Domestic as well as foreign companies are liable to pay corporate tax under the Income-tax Act. While a domestic company is taxed on its universal income, a foreign company is only taxed on the income earned within India i.e. is being accrued or received in India.
For the purpose of calculation of taxes under Income tax act, the types of companies can be defined as under :
Domestic Company: Domestic company is one which is registered under the Companies Act of India and also includes the company registered in the foreign countries having control and management wholly situated in India. A domestic company includes private as well as public companies.
Foreign Company: Foreign company is one which is not registered under the companies act of India and has control & management located outside India.
Before understanding about the rate of taxes and how will the tax be calculated on income of the companies, we should learn about the types of income which a company earns. Here it is :
Profits earned from the business
Income from renting property
Income from other sources like dividend, interest etc.
Taxes on Income
The following rates are applicable to the domestic companies for AY 2019-20 based on their turnover :
|Gross Turnover upto Rs. 250 Crore in FY 2016-17||25%|
|Gross Turnover exceeding Rs. 250 Crore||30%|
The following rates are applicable to foreign companies for AY 2019-20 based on their turnover :
|Nature of Income||Tax Rate|
|Royalty received or fees for technical services from government or any indian concern under an agreement made before April 1, 1976 and approved by central government||50%|
|Any other income||40%|
Surcharge rate :
|If total income exceeds Rs. 1 crore but not Rs. 10 Crore||7% of tax calculated on domestic company/ 2 % of tax calculated on foreign company as per above rates|
|If total income exceeds Rs. 10 crore||12% of tax calculated on domestic company/ 5 % of tax calculated on foreign company as per above rates|
Health & education Cess :
Further 4 % of income tax calculated and applicable surcharge will be added to the amount of total tax liability before this cess.

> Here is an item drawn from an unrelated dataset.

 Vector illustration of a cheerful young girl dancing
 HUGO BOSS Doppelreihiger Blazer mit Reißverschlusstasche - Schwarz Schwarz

Minimum Alternate Tax (MAT)
Alternatively, all the companies (including foreign companies) are required to pay minimum alternate tax at the rate of 18.5 % on book profits if the tax calculated as per above rates are less than 18.5% of book profits.
Dividend Distribution Tax (DDT)
Companies are required to pay tax on the dividend distributed to the shareholders in a particular year. This dividend is exempted in the hands of shareholders upto an amount of Rs. 10 lakh but the companies have to pay tax @ 20.56 %.
Due date for filing Income tax return
Companies including foreign companies have to file their income tax return on or before September 30 every year. Even if the company came into existence during the same financial year, then too, it has to file the income tax return for that period on or before September 30.
Tax return forms to be filed by the company
ITR 6 : All the companies except companies claiming deduction under section 11 need to file their return using Form ITR 6.
ITR 7 : All the companies registered under section 8 of companies act, 2013 are required to file their return using Form ITR 7.
Income tax act requires a class of companies to get their accounts audited and submit a audit report to the IT department along with the Income tax return. This audit is known as Tax Audit. This tax audit report is also required to be mandatorily submitted by eligible companies by September 30.